Describe what we're trying to do. That's done through developing an Application Profile, or AP, which serves as a kind of letter of instruction for conveying intention, building documentation, and enabling interoperability. An AP declares "which metadata terms an organization, information resource, application, or user community uses in its metadata." The AP doesn't tell others how to use our data elements; it just makes them reusable, ensuring that when we go to exchange data we understand the basics behind each other's records.

I'm not going to go in depth about how the AP should be based on FRBR (Functional Requirements for Bibliographic Records) and FRAD (Functional Requirements for Authority Data), because if you're a cataloger you probably already "get it," and if you aren't, your head will explode. But part of the reason we're moving from AACR2 in the first place is that our rules and practices stand in the way of doing some things that have become important since the late 1940s, such as make it easy for OPAC displays to group like items, so that a book will appear next to its CD, DVD, large print, and online versions.

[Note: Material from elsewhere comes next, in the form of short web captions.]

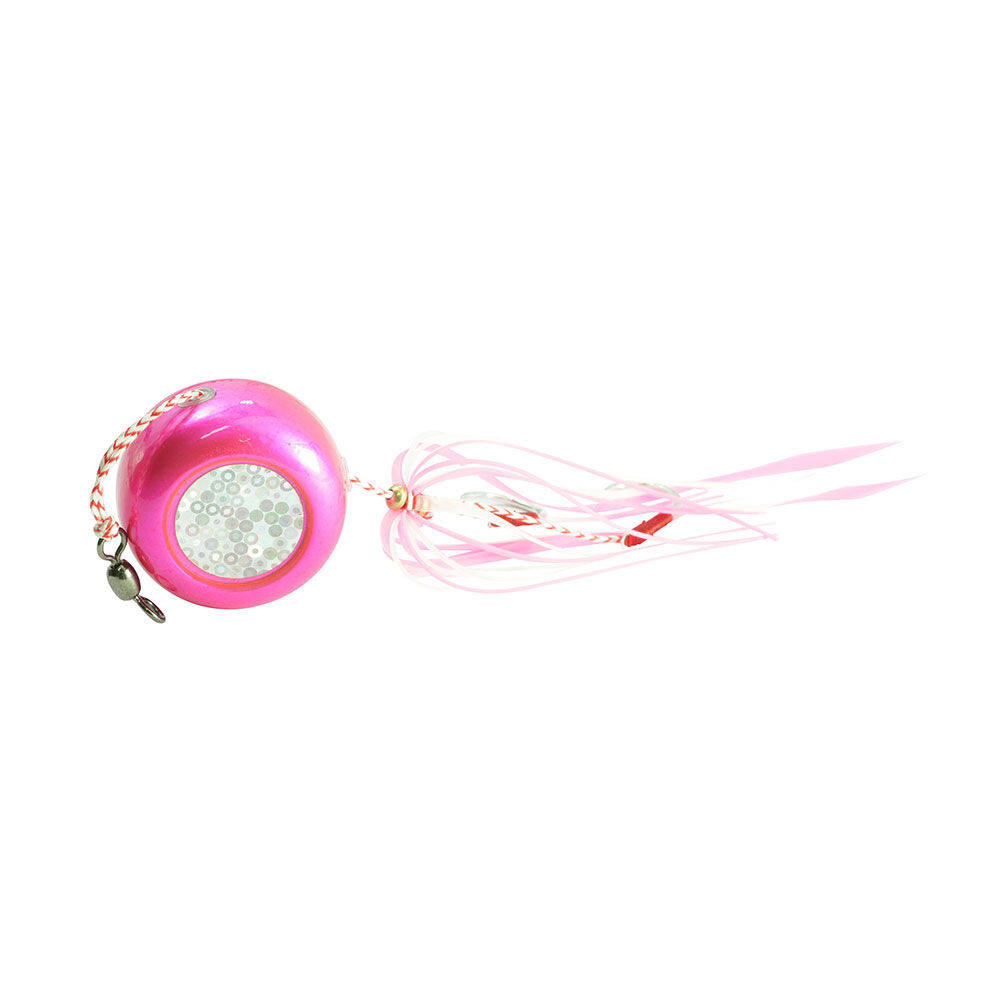Kabura Explorer Tackle Hinata Kabura lure, fluorescent pink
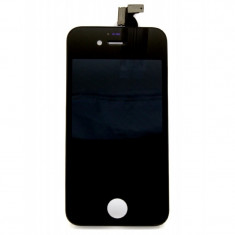 Ecran LCD iPhone 4s Negru foto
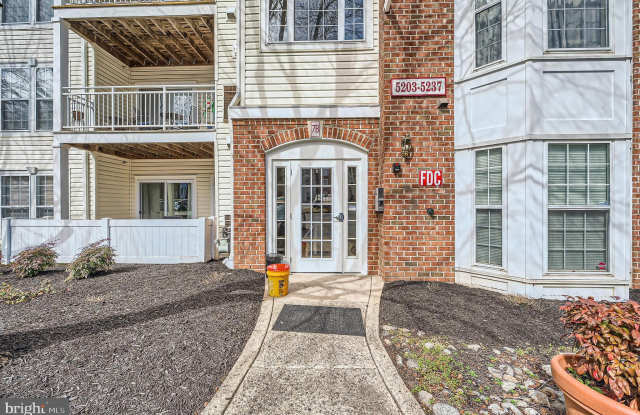 5225 WAGON SHED CIRCLE - 5225 Wagon Shed Circle, Owings Mills, MD 21117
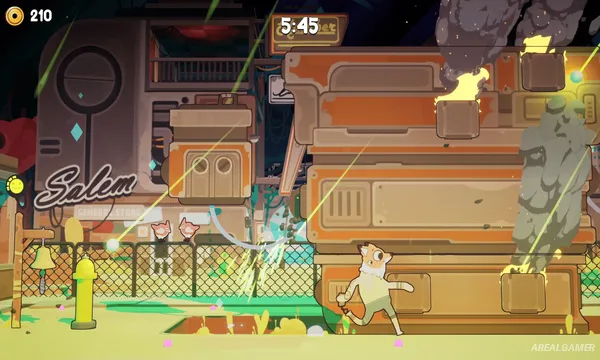 Uncle Chop's Rocket Shop Screenshot 3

Not everyone is wild about Harry

For those of us not acquainted with the cataloging world, moving RDA to a Semantic Web model doesn't sound threatening. Isn't this an improvement? Don't we want to play well with others? But the idea of change stirs fear in some hearts (some of them fairly highly placed in the ALA hierarchy, by the way), and explains why the May 1 RDA/DC agreement was historic.

One rumor is that the plan is to dumb down library data and put catalogers out of work. The Dublin Core Metadata Initiative (DCMI) is partly to blame for this misconception; people are more familiar with the famous "15 elements" used for Simple Dublin Core, and that has raised fears that the ulterior motive is to move us to a simple cataloging model based around this limited element set. 

But the reality is that Dublin Core can support very robust schema, and Dublin Core is in many ways incidental to this discussion anyway. It's simply a building-block model for getting our cataloging language modernized, structured, explicit, and usable by others. The significance of the RDA/DC agreement is that the Dublin Core Metadata Initiative has been very involved in attempting to think through what interoperability really means, including but going past the Semantic Web. It's simple but powerful: at sum, it pretty much boils down to formal expression to limit the ambiguity of language, and URIs for identification.

Hug a cataloger today

The key here is to understand that the RDA/DC agreement, if it leads to the actions above--and people such as Diane Hillman and Gordon Dunsire are working top-speed on this initiative--will ultimately make it possible to get over that moat and get our data out onto the Web in new, interesting, findable, and user-friendly ways, without abandoning our classic commitment to enrichment of information--and in fact, by demonstrating proof of concept why we are committed to these practices in the first place. Whether we succeed or fail in this effort may well determine the future of our profession.